The Labour Court shall exercise the following functions:

“(a)      Hearing and determining applications and appeals in terms of this Act or any other enactment.”

 

In my view, the starting point in determining the dispute is s 3 of the Act which provides as follows:

3 Application of Act

(1)               This Act shall apply to all employers and employees         except those whose conditions of employmentare otherwise provided for in the Constitution.

 

(2) For the avoidance of any doubt, the conditions of employment of members of the Public Service shall be governed by the Public Service Act [Cap. 16:04].

 

(3) This Act shall not apply to or in respect of—

(a) members of a disciplined force of the State; or

(b) members of any disciplined force of a foreign State   who are in Zimbabwe under any agreementconcluded between the Government and the Government of that foreign State; or

(c) such other employees of the State as the President may designate by statutory instrument.”

 

 

As is evident from the provisions of section 3, the Act applies to all employers and employees except for those whose conditions of employment are governed by the Constitution or the Public Service Act [Chapter 16:04]. The precursor to the Labour Act, the Labour Relations Act 16 of 1985, now repealed provided in s 3 thereof:

 

 

“3. Application of Act

This Act shall apply to all employers and all employees except those whose conditions of employment are otherwise provided for by or under the Constitution.”

 

 

As a consequence of the above provision, prior to the promulgation of the Labour Act [Chapter 28:01], in construing the section, courts within this jurisdiction concluded that the Act was not of universal to all employees in Zimbabwe.
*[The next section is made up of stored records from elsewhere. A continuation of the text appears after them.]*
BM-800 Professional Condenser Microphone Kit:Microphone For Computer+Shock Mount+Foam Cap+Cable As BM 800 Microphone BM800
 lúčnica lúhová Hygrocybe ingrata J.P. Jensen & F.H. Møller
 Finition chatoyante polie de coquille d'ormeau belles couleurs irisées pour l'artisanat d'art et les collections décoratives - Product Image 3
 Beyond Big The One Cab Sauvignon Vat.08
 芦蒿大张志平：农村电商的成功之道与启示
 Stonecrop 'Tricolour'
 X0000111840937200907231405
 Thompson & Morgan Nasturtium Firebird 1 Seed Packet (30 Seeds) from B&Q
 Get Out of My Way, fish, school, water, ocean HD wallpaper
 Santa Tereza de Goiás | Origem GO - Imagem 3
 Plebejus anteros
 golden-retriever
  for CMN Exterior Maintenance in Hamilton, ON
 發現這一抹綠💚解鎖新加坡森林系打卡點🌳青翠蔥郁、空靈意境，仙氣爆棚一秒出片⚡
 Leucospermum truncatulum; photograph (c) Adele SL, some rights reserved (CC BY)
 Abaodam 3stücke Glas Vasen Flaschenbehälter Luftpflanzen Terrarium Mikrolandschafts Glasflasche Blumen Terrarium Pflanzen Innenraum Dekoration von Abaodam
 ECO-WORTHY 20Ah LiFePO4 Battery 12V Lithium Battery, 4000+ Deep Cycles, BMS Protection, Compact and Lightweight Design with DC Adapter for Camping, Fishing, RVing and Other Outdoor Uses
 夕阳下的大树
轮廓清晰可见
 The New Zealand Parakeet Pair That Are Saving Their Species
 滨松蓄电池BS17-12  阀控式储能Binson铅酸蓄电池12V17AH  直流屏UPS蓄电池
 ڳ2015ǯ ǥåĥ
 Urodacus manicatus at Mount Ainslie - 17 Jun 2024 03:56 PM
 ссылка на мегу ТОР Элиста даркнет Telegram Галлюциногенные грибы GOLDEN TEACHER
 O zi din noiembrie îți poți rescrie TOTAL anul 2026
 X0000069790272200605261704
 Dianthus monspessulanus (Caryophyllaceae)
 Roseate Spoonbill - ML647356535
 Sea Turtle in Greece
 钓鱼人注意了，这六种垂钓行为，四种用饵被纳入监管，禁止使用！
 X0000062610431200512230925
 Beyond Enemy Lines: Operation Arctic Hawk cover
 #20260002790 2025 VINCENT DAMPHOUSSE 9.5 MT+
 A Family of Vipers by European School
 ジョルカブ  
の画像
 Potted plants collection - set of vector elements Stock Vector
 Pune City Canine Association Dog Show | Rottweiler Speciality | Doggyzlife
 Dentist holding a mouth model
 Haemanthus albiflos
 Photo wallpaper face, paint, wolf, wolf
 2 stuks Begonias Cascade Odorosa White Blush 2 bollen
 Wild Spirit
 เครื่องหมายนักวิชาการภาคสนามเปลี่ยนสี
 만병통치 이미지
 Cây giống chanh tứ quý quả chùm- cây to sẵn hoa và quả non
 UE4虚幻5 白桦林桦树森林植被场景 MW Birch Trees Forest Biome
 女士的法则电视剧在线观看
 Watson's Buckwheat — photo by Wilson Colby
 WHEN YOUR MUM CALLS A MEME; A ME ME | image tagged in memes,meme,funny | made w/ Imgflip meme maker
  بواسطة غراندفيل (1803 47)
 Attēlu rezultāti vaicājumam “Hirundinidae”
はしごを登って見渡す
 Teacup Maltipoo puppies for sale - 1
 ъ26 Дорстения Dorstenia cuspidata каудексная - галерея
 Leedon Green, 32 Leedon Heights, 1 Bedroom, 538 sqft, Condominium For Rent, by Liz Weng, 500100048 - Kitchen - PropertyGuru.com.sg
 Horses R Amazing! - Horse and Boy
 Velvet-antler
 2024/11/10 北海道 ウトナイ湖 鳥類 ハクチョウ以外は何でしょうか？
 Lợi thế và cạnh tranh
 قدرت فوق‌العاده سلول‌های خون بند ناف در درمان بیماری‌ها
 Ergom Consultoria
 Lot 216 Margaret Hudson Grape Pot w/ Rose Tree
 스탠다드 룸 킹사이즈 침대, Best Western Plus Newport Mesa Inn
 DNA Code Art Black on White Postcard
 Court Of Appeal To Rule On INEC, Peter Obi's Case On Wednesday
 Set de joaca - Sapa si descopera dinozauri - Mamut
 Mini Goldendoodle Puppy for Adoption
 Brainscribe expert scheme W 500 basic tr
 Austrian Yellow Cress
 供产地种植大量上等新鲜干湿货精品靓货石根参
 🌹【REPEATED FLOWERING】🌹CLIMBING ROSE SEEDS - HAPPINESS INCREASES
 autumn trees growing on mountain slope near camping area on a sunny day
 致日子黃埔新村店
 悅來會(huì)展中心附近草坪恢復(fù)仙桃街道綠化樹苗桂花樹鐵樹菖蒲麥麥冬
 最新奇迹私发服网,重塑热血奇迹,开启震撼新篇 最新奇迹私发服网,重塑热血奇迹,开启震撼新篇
See City of Mutare v Matamisa 1998 (1) ZLR 512, wherein despite the wording of the section providing that the Act applied to all employees, this court held that it was not obligatory for the City of Mutare to obtain the approval of the Minister as provided for in s 2 of the Labour Relations (General Conditions of Employment) (Termination of Employment) Regulations S.I 371/1985. Effectively, therefore, the court found that employees of urban councils were not covered by the Act.[1]

 

 

Subsections 2 and 3 of the current Act were promulgated by Act 7 of 2005 and as a consequence, with the exceptions of those specifically excluded by the section, all employees were brought under the umbrella of the Act. In the circumstances of this case it seems to me that the finding by the court that in terms of s 3 thereof the Act applied to the appellants was clearly contradictory to the subsequent finding that the court did not have jurisdiction to determine the appeal filed by the appellants.

 

 

It follows therefore that under s 89(1) employers and employees whose conditions of employment are covered under s 3 are impliedly given the right to appeal to the Labour Court. It is only those employers and employees who are excluded by s 3 who cannot have access to the Labour Court for the resolution of disputes.

 

 

It is the contention of the appellants which contention finds favour with me, that, notwithstanding the absence of a provision in the Regulations for an appeal process against the decision of the Trustee, the appellants are not deprived of a remedy against their dismissals under the Regulations. The appellants contend that an appeal lies to the Labour Court which has jurisdiction in terms of sections 2A, 3 and 92D of the Act.

 

 

The appellants suggest that the failure to provide for an appeal process beyond the Trustee is inconsistent with s 3 of the Act, wherein every employee except those specifically excluded therein, is provided for. As there is no specific provision denying the appellants a right of appeal to the Labour Court, it is the contention of the appellants that the court has jurisdiction to entertain an appeal under the circumstances of this particular case. I agree. 

 

The appellants have argued that the provisions of s 44 (1) of the Regulations are inconsistent with the Act, in particular ss 3 and 2A thereof. They argue further that the Regulations are subservient to the Act in relation to the manner of termination of employment, and in particular s 2A (3).Section 2A provides as follows:

 

“2A Purpose of Act

(1) The purpose of this Act is to advance social justice and democracy in the workplace by—

(a) giving effect to the fundamental rights of employees       provided for under Part II;

(b) ….

          [Paragraph repealed by section 3 of Act 7 of 2005]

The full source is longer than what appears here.